Не все читатели воспримут представленные Борном события так же, как и он сам. Как бы то ни было, большинство согласится с тем, что эмоциональный диапазон произведения, изменяющийся и неподдельный, простирается от ярости до отчаяния, от страха до проблесков надежды, от отвращения до не совсем обычного юмора, лишь прибавляющего повествованию достоверности, делая чтение доступным и приятным. Чуть ироничный юмор нередко воспринимается как сардонический. Вполне возможно, что угрюмые шутки в первую очередь адресованы автором близким и родным — Борн практически наверняка ограничивал читательскую аудиторию своей семьей, пожалуй, даже своим братом, которому он и отправил свои воспоминания в длинном письме. Такого рода записи предполагают определенную прямоту и искренность, основывающуюся на доверительных отношениях между отправителем и получателем, которые позволяют без тени смущения рассуждать о глубоко личном.

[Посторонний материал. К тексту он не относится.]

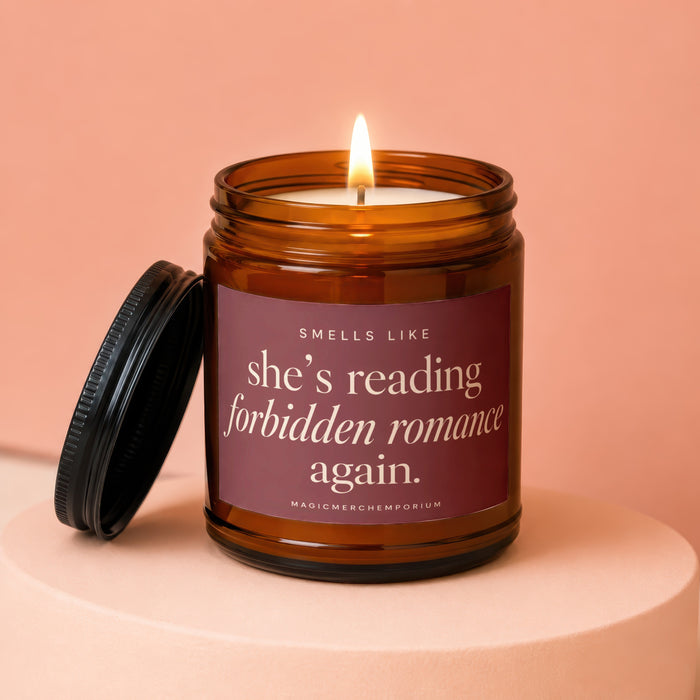 Amber glass candle with lit wick and lid off, labeled "Smells like she's reading forbidden romance again."
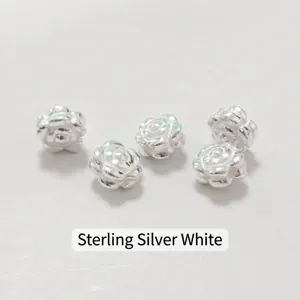 Detailed macro view of silver rose flower spacer beads for DIY jewelry making accessories.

Как становится ясно из его воспоминаний, отдельные моменты в поведении Борна заслуживают особого внимания. Один из них — постоянные попытки Борна уклониться от властных полномочий, навязываемых ему властями. Мы можем допустить, что это объясняется его личной скромностью, однако, с другой стороны, подобное нежелание брать на себя любую ответственность могло быть продиктовано опасением возможных упреков и даже обвинений в будущем. То, что вопреки всему эти власти непрерывно пытались «озадачить» его, отчасти можно объяснить деятельной натурой Борна, его несомненным опытом руководства и — что совершенно негоже сбрасывать со счетов — его внушительным телосложением: в нем было шесть футов и четыре дюйма роста (свыше 1 м 80 см). Подобные люди подсознательно внушают уважение. Например, в фольксштурме, куда Борн попал в свои сорок с небольшим, он представлял собой своего рода прослойку между шестидесятилетними с одной стороны, и подростками из гитлерюгенда — с другой.

Вдобавок Борн постоянно упоминает поразительное везение, благодаря которому он избегал многих неприятностей, и все же не раз повторяет, что на самом деле его спасение — результат незаурядной ловкости и стойкости духа, а не пресловутого везение. Он относит свои поступки на счет личного мужества, а не воздает хвалу судьбе. Такие трактовки событий создают странное несоответствие, акцент на везении свидетельствует о скромности и смирении, каковым он и был обязан жизнью. Как он пишет: «Они утверждали, что, дескать, понятия не имели, как быть со мной, что, мол, не могут найти ни единого повода для придирок». С другой стороны, упоминание о смелости, в частности, его утверждение о том, что никто и никогда не задирался с ним, а те, кто пытался, «получали по заслугам», свидетельствует о том, что автор переизбытком скромности явно не страдал. Странное, хотя и объяснимое соседство, ибо наличие этих специфических черт характера как раз и объясняет тот факт, что самому Борну было очень нелегко понять, как же все-таки он сумел просуществовать и, в конце концов, выжить среди волков военного времени. Если же взять в целом все, что нам оставил Борн, можно предположить, что он спасся, как и многие другие в подобных обстоятельствах, не благодаря исключительному упорству и уж точно не благодаря победе над волками войны, а скорее просто в силу выдержки, умения выжить и пережить их, выйти на свободу и оказаться — хоть и далеко не в безмятежном — мире.